_Task instructions_
Copy all the lines of the data that include the word "Diamond".

_Stored data entries_
# # # # # # #
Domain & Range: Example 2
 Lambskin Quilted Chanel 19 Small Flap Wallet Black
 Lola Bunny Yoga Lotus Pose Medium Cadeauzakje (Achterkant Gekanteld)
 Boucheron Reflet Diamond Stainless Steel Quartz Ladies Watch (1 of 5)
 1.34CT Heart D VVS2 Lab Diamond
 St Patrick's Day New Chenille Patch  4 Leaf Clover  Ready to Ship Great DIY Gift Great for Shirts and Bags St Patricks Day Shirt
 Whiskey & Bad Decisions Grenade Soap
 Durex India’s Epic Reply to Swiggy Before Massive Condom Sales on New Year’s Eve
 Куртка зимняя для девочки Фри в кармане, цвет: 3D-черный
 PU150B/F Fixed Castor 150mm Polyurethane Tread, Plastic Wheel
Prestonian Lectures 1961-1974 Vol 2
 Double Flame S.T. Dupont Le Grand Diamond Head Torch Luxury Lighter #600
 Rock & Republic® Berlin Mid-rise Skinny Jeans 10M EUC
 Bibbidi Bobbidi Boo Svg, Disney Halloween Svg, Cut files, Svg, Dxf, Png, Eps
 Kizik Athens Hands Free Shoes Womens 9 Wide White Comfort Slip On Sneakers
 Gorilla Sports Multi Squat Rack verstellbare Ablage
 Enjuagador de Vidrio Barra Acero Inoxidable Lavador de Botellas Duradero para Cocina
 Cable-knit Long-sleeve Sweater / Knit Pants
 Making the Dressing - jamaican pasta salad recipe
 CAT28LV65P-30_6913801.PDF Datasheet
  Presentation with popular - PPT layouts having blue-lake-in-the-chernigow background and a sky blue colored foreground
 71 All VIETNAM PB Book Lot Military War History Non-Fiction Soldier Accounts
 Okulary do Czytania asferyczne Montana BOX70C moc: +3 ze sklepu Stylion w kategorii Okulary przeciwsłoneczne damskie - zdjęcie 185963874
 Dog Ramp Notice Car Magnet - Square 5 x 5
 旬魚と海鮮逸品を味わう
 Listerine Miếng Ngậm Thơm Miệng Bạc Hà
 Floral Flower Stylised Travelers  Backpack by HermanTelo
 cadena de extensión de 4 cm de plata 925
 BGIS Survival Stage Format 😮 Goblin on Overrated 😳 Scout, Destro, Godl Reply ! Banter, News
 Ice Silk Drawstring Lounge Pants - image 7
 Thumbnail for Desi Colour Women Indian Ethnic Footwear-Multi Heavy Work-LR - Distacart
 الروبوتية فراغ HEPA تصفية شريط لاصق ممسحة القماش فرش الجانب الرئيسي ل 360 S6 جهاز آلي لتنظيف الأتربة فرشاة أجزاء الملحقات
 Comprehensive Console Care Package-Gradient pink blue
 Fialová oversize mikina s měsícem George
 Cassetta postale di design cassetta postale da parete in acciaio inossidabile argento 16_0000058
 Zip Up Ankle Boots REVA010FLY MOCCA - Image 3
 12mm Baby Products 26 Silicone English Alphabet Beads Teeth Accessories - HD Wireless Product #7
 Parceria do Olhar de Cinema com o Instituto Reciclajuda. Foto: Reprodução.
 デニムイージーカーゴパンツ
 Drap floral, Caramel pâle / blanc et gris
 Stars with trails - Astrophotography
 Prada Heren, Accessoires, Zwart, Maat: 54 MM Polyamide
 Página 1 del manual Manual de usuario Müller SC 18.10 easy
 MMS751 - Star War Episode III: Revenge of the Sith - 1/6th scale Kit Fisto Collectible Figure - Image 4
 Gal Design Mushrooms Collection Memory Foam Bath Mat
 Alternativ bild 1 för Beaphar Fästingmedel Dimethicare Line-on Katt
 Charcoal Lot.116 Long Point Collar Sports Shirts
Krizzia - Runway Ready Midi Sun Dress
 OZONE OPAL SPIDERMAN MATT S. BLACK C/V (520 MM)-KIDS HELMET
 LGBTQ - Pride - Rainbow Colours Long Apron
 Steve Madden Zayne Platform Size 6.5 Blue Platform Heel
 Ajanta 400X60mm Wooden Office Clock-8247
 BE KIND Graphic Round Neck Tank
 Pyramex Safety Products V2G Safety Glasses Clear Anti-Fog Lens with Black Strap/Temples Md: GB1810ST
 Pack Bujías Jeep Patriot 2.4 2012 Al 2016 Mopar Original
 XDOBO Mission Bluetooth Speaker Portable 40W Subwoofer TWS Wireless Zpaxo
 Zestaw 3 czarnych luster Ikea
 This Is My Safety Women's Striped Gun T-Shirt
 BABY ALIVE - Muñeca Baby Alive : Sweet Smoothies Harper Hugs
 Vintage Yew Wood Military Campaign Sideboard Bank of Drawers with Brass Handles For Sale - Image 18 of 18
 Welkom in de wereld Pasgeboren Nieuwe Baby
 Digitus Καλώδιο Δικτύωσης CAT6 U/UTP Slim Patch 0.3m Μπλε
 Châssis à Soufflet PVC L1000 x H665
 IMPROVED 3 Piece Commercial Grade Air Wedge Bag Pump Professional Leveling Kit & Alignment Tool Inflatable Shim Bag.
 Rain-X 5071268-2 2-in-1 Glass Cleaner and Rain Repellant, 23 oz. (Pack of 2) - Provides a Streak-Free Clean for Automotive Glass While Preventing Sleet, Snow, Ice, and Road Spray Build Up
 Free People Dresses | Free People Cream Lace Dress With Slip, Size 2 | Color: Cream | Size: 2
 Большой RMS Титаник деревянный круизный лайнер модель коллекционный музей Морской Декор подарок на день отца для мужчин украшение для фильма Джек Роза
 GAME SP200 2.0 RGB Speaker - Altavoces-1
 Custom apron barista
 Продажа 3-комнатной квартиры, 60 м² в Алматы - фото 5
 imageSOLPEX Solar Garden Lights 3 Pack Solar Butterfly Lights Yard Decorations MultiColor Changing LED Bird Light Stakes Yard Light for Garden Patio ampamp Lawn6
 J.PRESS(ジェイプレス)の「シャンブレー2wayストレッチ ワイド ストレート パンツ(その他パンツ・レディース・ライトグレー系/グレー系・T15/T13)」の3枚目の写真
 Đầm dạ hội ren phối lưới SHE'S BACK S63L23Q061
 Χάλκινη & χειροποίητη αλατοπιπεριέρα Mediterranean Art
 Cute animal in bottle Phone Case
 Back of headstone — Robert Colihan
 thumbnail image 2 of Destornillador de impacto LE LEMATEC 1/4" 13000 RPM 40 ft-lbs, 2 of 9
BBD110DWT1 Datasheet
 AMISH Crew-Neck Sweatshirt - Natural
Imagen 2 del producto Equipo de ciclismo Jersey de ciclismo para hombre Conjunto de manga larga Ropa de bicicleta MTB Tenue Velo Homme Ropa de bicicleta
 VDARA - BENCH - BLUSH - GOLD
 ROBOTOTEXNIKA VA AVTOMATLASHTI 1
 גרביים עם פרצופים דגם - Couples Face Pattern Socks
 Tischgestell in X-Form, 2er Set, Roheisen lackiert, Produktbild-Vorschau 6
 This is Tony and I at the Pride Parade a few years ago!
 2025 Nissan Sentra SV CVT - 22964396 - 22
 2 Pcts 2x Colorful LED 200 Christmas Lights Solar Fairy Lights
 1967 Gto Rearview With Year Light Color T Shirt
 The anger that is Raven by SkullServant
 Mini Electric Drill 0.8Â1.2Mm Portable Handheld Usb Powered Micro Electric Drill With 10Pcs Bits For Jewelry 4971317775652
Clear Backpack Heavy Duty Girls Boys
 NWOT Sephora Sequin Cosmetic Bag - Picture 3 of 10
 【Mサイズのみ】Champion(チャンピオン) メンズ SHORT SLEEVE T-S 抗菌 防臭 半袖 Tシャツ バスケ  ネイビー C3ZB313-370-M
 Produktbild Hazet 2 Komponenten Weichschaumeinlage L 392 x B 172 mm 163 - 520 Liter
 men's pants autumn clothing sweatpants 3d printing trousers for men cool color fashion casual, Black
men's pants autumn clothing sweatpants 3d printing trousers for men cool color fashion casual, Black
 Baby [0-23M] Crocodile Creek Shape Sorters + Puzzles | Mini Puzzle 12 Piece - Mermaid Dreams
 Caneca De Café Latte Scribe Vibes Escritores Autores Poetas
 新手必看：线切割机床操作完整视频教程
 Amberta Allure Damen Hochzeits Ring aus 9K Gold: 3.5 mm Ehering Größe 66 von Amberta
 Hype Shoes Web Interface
# # # # # # #
_Solution to the problem_
 Boucheron Reflet Diamond Stainless Steel Quartz Ladies Watch (1 of 5)
 1.34CT Heart D VVS2 Lab Diamond
 Double Flame S.T. Dupont Le Grand Diamond Head Torch Luxury Lighter #600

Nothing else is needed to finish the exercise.